On a national level, existing home sales dropped approximately 3.2 percent from September to October. Of particular concern, however, is the rate in which home sales dropped in the West. In the West region of the United States, existing home sales fell by seven percent, more than twice as much as the rest of the country. Those familiar with the market are concerned that higher interest rates and rapidly appreciating home values are going to cripple the recovery in the area.
“In the West region there is a significant shortage of inventory, so you have buyers who are looking for the right home unable to find it and unwilling to commit,” said Lawrence Yun, chief economist for the National Association of Realtors. “But because of the inventory shortage, one is still seeing strong price increases in the West.”
It is important to note that California is a prime example of the conditions Yun is referring to.

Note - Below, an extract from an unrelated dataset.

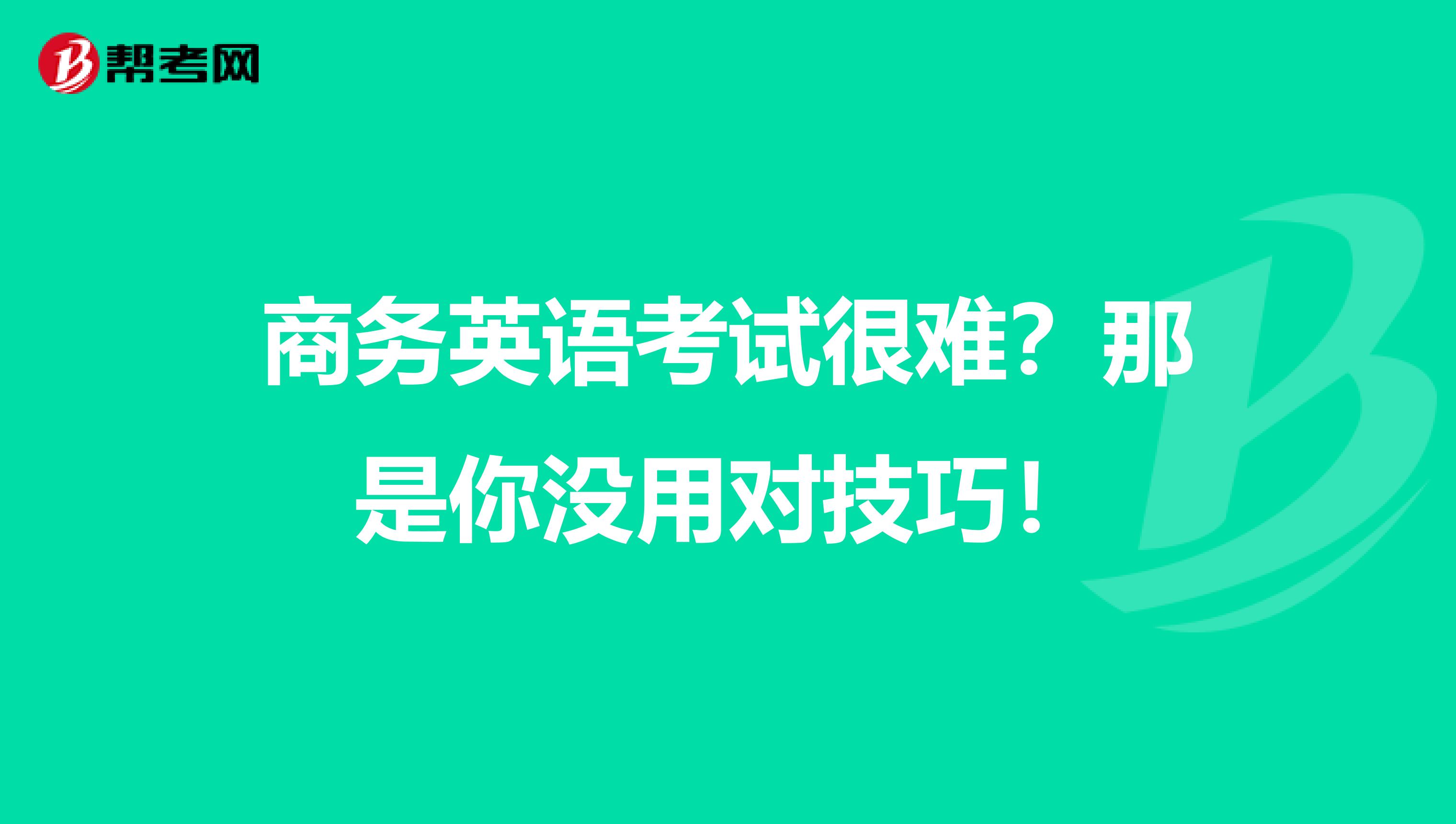 商务英语考试很难？那是你没用对技巧！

The Sunshine State continues to struggle to maintain adequate inventory levels while prices continue to rise. According to DataQuick, “the median price paid for a California home in October was $357,000, up over 25 percent from a year ago.” Current prices are the culmination of 20 consecutive months of annual price gains; the last eleven of which each exceeded 20 percent increases.
These increases are partially the result of decreased distressed properties. Fewer foreclosures and short sales reduce the number of low-end homes made available to prospective buyers. Only 6.6 percent of the homes sold in California during October were considered distressed, the lowest amount since 2007. A lack of distressed inventory, particularly in San Francisco (down 26%), has forced many buyers to reconsider the acquisition of a single-family home.
This could explain why condominium sales increased three percent in October.
“Many buyers are considering more affordable options, such as condos and town-homes, especially in the San Francisco Bay Area, where there is a greater abundance of these property types,” CAR’s Leslie Appleton-Young said in a release.
Despite rapidly appreciating home values across the nation, prices are still well below their peaks during the housing boom. The biggest problem people are facing in today’s market, however, is credit. Most loans are fixed rate products that require larger down payments and higher credit scores.
“Bottom line, on a monthly payment basis and relative to income needed to qualify for a loan, a house in California is far more ‘expensive’ than from 2004 to 2008, even though house prices are not back to peak levels,” said Mark Hanson, a California-based housing analyst. “Put another way, it costs a lot more today to pay for a house using a mortgage than it did from 2004 to 2008. Thus, if 2004 to 2008 was a “bubble,” then this must be, too.”
While a lot of Western markets experienced significant changes in supply, demand and pricing, the rest of the nation neglected to participate. Prices are up 12 percent and inventories are down across the nation, but these swings are relatively small compared to markets like California.